Whether we’ve sinned on the level of committing a crime, or on the level of indulging hot and hurtful thoughts, ignoring “repent and confess” proddings from our consciences and the Holy Spirit is the spiritual equivalent of dragging around a ball and chain. We go about business as usual, pretending the weight doesn’t exist and the chain isn’t tripping us up, blaming our chronic stressed-and-tired feelings on everything but that weight. All along, the key is hanging within easy reach–all we have to do is ask for it–but we’re afraid. Afraid of looking weak or stupid. Afraid that having the chain removed will take too long and upset our schedules. Afraid of finding a skin abscess under the shackle and requiring additional, painful treatment.

There are alternatives–but they aren’t pleasant.

  1. We can make ourselves chronically miserable with fear someone else will notice the weight. This means we don’t dare let anyone get close enough for a good look at us, so we become afraid of others,  and withdraw further and further into our shells of depression.
  2. We can succeed in convincing ourselves that the weight doesn’t exist, or isn’t so heavy after all.

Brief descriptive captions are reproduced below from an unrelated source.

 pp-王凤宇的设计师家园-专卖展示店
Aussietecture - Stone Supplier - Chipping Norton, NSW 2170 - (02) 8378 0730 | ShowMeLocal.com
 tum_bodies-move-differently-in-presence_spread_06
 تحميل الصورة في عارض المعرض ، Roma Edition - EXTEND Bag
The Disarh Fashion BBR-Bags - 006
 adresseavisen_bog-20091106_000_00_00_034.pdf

This is worse than the first alternative, for it usually means we turn our backs on God and on anyone else who might tweak an old nerve by implying, “Like it or not, what you did was wrong.” It also usually means that we get comfortable with doing the same thing–and worse–again and again, adding to our weight of guilt without even noticing. Eventually, the weight grows so heavy that, seemingly out of the blue, it drags us down in a spectacular fall, leaving our lives in shambles and no supporters in sight.

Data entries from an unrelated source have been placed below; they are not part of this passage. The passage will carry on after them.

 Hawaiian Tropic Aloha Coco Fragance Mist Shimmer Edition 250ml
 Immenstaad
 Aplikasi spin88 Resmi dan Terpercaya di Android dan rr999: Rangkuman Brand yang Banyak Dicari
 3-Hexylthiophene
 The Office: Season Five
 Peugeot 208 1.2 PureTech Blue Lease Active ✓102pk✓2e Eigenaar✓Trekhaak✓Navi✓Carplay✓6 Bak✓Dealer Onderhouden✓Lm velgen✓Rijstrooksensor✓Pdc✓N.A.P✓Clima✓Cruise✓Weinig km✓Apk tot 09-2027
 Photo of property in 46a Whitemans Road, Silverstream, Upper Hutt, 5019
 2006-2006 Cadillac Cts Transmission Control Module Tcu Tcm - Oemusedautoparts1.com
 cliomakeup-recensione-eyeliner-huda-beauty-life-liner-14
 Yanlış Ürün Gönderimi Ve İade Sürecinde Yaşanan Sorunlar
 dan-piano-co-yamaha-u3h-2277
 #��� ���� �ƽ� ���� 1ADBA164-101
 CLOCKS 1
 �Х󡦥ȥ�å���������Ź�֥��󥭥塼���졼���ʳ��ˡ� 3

Does coming clean and facing the consequences seem that bad by comparison?

Of course, repentance is still an option after a major fall, or after years of chronic fear of being “found out.” But the longer we wait, the longer full recovery will take, and the greater our chances of sustaining a permanent disability. If you know you’ve made a mistake, the best time to apologize and make amends, to God and others, is today.

Then (Psalm 32:1), “Oh, what joy for those whose disobedience is forgiven, whose sin is put out of sight!”

  • A blog for naturally melancholy Christians tired of being told to "snap out of it"; for Christians who struggle with mental-health issues and long for assurance God delights in them nonetheless; and for naturally optimistic Christians who want to understand their "gloomy" loved ones.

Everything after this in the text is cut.